Aha! So if p were the chance of, say, getting heads on a coin flip (50%), 1 - (1-p)^{p^{-1}} is the chance of not getting tails twice in a row. That is, the chance that heads will come up within the first two tosses. Seventy-five percent.

But why the limit?

Well, if p were only one-third… Ah, our chance of it cropping up in the first three times is 19/27, or roughly seventy percent.
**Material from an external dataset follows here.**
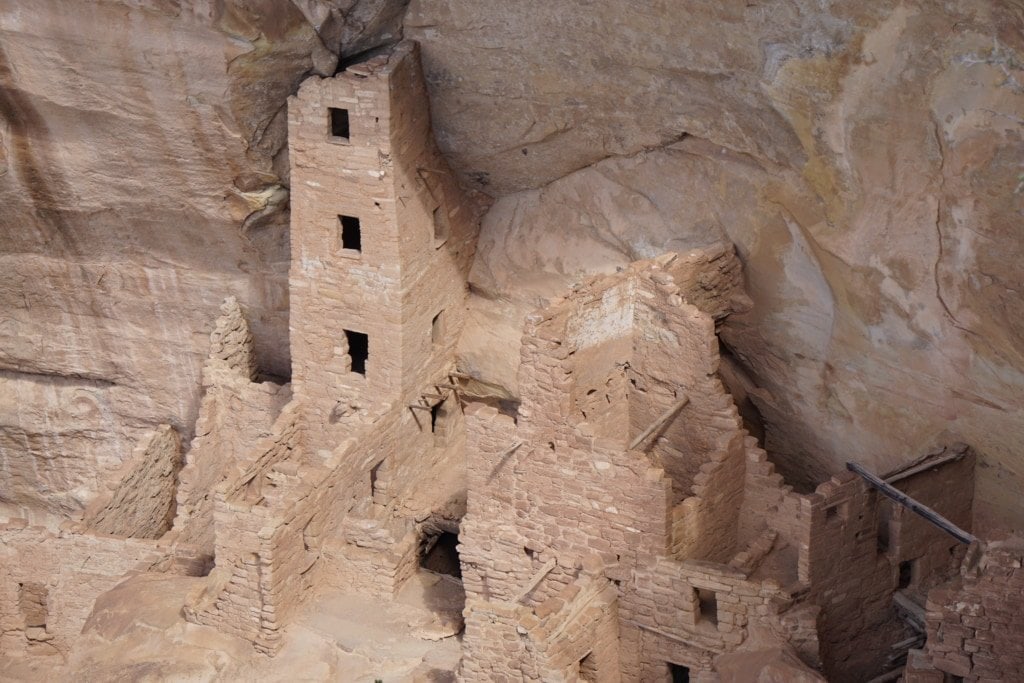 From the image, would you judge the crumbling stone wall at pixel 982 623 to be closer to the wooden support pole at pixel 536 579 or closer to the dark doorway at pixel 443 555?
the wooden support pole at pixel 536 579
If we drop p to one-fourth, our chance goes down to sixty-eight percent. Oh, I see… it’s approaching some value, but what?

p, 1 - (1-p)^{p^{-1}}
1, 1.000
2, 0.750
3, 0.704
4, 0.684
5, 0.672
6, 0.665

What in the world is this thing approaching? This doesn’t look like anything I’m familiar with…

10^2 , 0.633967659
10^3 , 0.632304575
10^4 , 0.632138954
10^5 , 0.632122398
10^6 , 0.632120743
10^7 , 0.632120577

It’s a limit, so it should have something to do with e (2.71828), but I don’t see how- oh. Wait, now I do. This value we’re approaching is 1 - \frac{1}{e} . So the chance of success of a task of probability p within the first p^{-1} trials approaches one minus the inverse of e. Hope that’s what you were looking for, past self.